Scoring Machine system. Testing the scoring model
Testing the scoring model
The "Testing the scoring model" block contains sections:- Creation of a new scoring model test;- List of tests of scoring models;- Settings for testing scoring models.
In the "Settings for testing scoring models" section, you can configure the parameters for building a scoring model test.
Here you can change the number of lines into which the result of testing the scoring model will be divided. The results will be grouped by the specified number of rows. But we recommend not to increase the number of lines too much in order to better see the big picture. We recommend using 10 to 25 lines maximum. And also here you can also, as in the settings for creating a scoring, change how the system should understand a good result and a bad result in your file in the first column.
In the "Creating a new scoring model test" section, the test is created for the active scoring model. You will see on the screen which scoring model is currently active and for which the test will be performed.
It is worth noting that, depending on the type of subscription, you will have a limited number of saved tests for one model. And this means that if the user has reached the limit, then before starting to build a new test, the test that was created earlier than the others will be deleted. Therefore, we recommend that you control relevant and outdated tests yourself and delete outdated tests. The limit in this case is for each model separately, which means if the user has a limit of tests for one model - 20, and there are 10 models, then the user can save up to 20 tests for one model, in total 200 saved tests.

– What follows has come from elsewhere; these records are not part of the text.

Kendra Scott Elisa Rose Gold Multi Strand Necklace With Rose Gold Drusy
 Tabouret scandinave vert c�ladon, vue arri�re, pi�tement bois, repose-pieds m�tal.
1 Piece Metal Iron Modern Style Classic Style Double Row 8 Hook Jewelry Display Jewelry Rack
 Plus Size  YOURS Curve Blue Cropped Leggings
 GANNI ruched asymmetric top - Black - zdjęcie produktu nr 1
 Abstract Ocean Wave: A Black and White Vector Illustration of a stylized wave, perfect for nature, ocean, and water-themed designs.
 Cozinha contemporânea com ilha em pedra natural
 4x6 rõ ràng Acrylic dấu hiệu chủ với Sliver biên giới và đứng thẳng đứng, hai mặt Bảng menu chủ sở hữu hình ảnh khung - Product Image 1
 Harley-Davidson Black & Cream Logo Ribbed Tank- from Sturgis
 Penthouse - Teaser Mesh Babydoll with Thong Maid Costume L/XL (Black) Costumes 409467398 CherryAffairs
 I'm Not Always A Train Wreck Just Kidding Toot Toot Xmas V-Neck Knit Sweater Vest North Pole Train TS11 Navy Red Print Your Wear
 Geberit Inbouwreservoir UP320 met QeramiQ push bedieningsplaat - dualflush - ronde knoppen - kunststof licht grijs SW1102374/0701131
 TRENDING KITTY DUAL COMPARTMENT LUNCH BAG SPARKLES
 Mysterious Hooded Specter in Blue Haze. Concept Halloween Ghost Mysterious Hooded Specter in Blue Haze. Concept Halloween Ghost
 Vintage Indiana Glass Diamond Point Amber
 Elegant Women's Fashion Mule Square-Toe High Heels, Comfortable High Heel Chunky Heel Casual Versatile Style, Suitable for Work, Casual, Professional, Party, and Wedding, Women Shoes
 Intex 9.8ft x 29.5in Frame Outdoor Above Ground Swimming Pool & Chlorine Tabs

To create a test, you need to select a file with data for analysis with the extension .xls or .xlsx on your computer and upload it to the Scoring Machine system. Then click on "Create a new test". The system will make a series of checks on the file, if any inconsistencies in the requirements for the file are found during the first observation, an error will be displayed. After checking the file for a short time, the Scoring Machine will start analyzing the file and display a notification.
The duration of creating a test depends on the amount of data to be analyzed. The larger the data file, the longer the system will analyze and create the test. This means that if an analysis is being carried out for a specific model and the user already sees exactly which attributes are used in the model in one way or another, then you can safely delete unnecessary columns.
A very important process before creating a test is preparing the file correctly so that the system can analyze it better.In addition to the general requirements and recommendations for the file, the user should pay attention that the file for the test should contain the same attributes that are selected in the model and the attributes (columns in the file) should be called, and the attribute values themselves should be the same as they are selected in the model, and hence were called during the construction of the model.
All file requirements can be found here.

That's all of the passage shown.